:: RECORDS FOR THIS EXERCISE ::
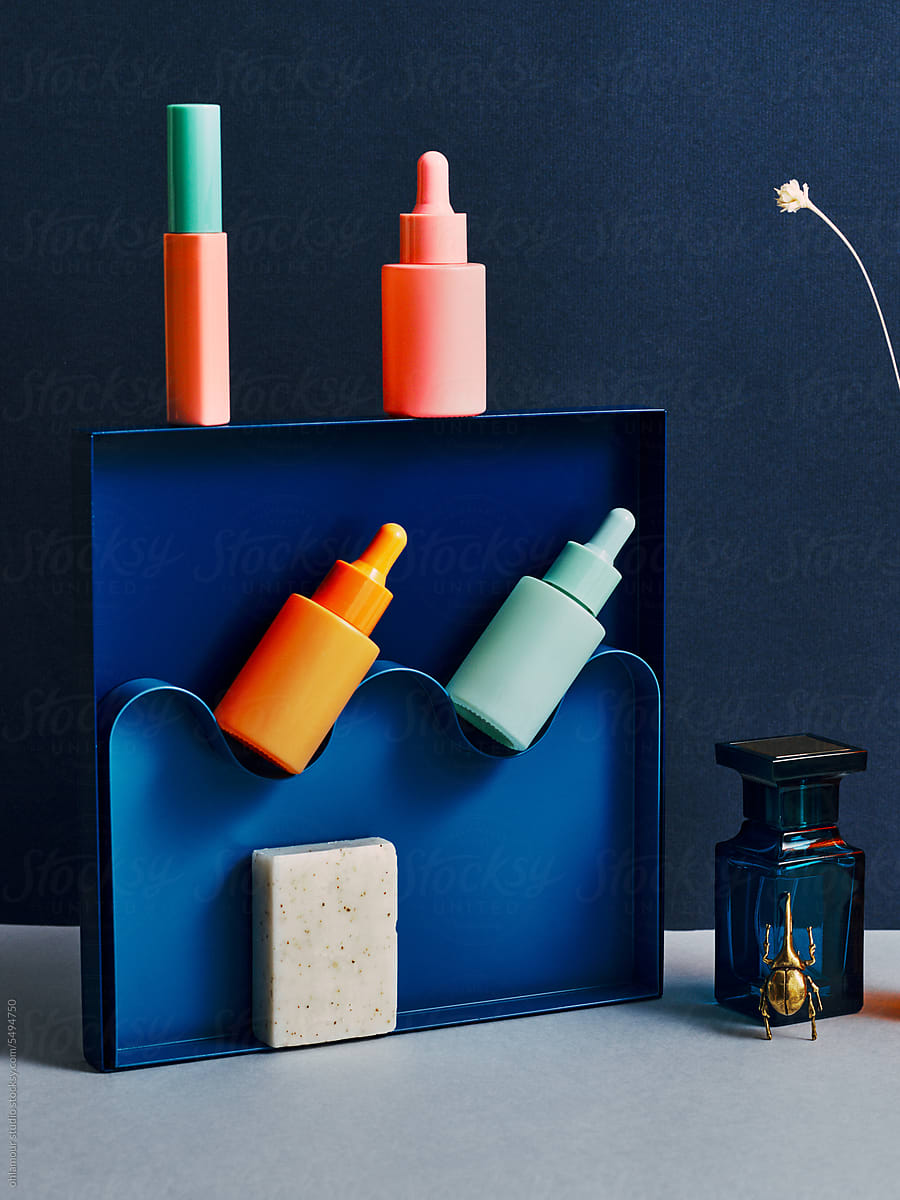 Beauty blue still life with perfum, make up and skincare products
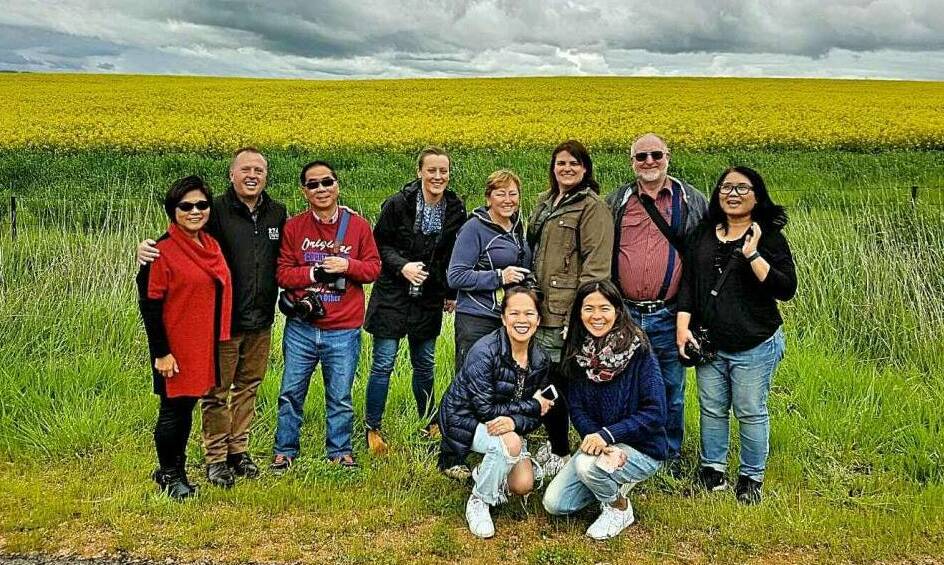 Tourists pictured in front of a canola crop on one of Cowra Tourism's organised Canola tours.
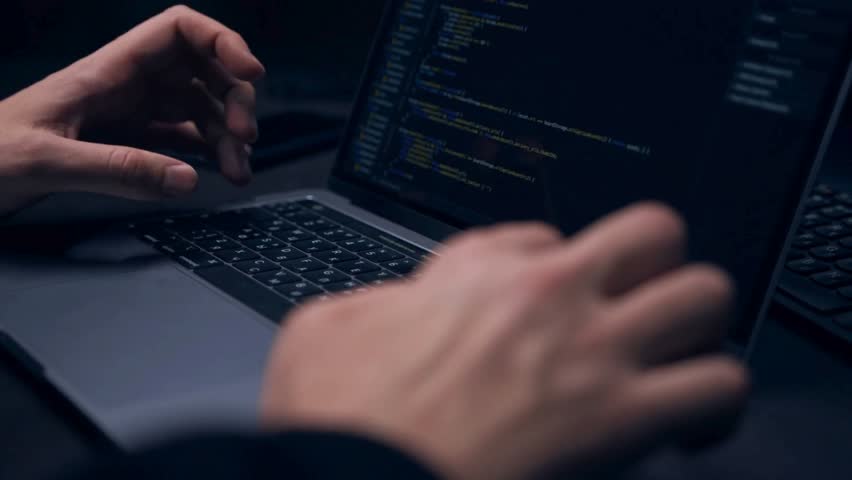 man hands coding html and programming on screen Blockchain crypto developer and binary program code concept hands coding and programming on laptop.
* * *
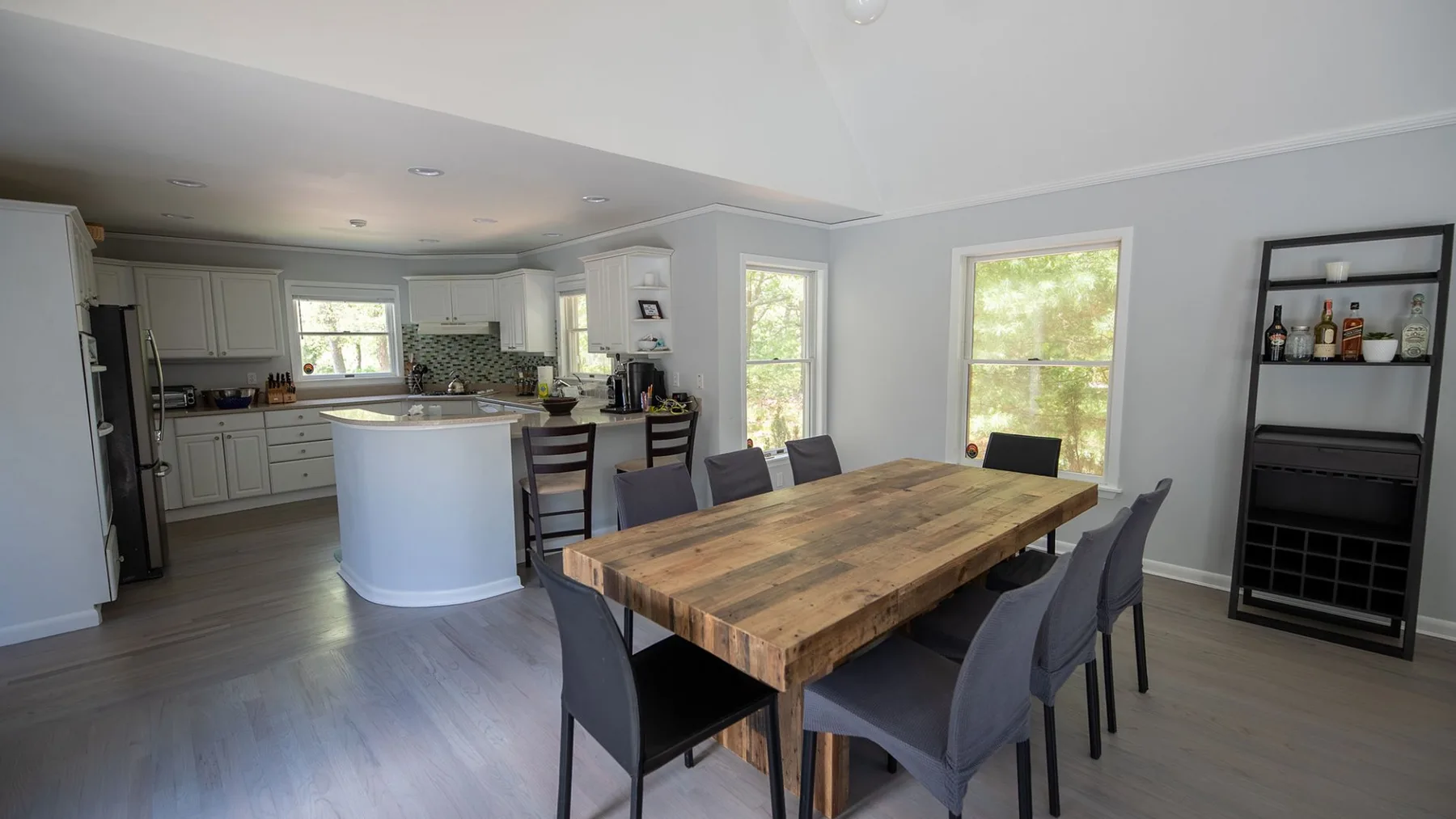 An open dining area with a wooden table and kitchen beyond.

:: WHAT THE TASK REQUIRES ::
Pictures are to be left out. Write out only the lines above starting at the one with "Beauty blue still" and ending at the one with "man hands coding", both lines included, exactly.

:: RESULT OF THIS TASK ::
 Beauty blue still life with perfum, make up and skincare products
 Tourists pictured in front of a canola crop on one of Cowra Tourism's organised Canola tours.
 man hands coding html and programming on screen Blockchain crypto developer and binary program code concept hands coding and programming on laptop.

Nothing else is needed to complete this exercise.